Thank you all for taking the time to answer.

one more question, is there a minimum ppm for dry cured as well?  I assume there is, but I can’t seem to find it anywhere.

Matt


----------



## jcam222 (Aug 28, 2020)

Good job asking Matt!! You got excellent answers. Some people are too stubborn to ask and take unneeded  risks. Let us know how it turns out with some Q view pics.


----------



## wibigfish (Aug 31, 2020)

So I started with one of the smaller of my pork bellies today.  Figured I’d try one before committing to doing them all. 

I ended up starting out with cold smoking for 2 hours and then got a trifle nervous and decided to bump up the temp to 225 on the smoker and just hot smoke this one Belly.  It is sitting at about 140 now 3 hours in.  

Next ones will be cold smoked, they are still in the cure, but I’m trying to work up a bit of confidence before I commit to cold smoking for 12+ hours.


----------



## chef jimmyj (Aug 31, 2020)

Keep the Faith! There are a whole bunch of guys watching your back and will jump in if you do anything wrong. Worst case, the Belly's are too salty, a pre-soak before smoking will fix that. Or, the Belly's are under cured and that is not an issue , in this case because you will cook it before eating anyway...


----------



## pineywoods (Aug 31, 2020)

wibigfish said:


> So I started with one of the smaller of my pork bellies today.  Figured I’d try one before committing to doing them all.
> 
> I ended up starting out with cold smoking for 2 hours and then got a trifle nervous and decided to bump up the temp to 225 on the smoker and just hot smoke this one Belly.  It is sitting at about 140 now 3 hours in.
> 
> Next ones will be cold smoked, they are still in the cure, but I’m trying to work up a bit of confidence before I commit to cold smoking for 12+ hours.

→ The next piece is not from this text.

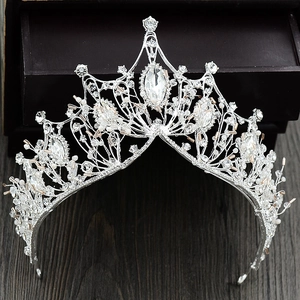 Detailed macro view of baroque silver tiara featuring marquise crystals and beads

12 hours will be no problem since it was cured properly. If possible keep the smoker at under 100 degrees so you don't render any of the fat. As Jimmy said do a fry test and check salt content if salty soak it. After the rinse and soak if needed hang it in front of a fan if possible to dry. If you can't hang it then put it in the smoker without smoke for around an hour then start the smoke. Personally after smoking I put it in the fridge for 2-3 days before I slice and vacuum seal it seems to allow the smoke to even out a bit


----------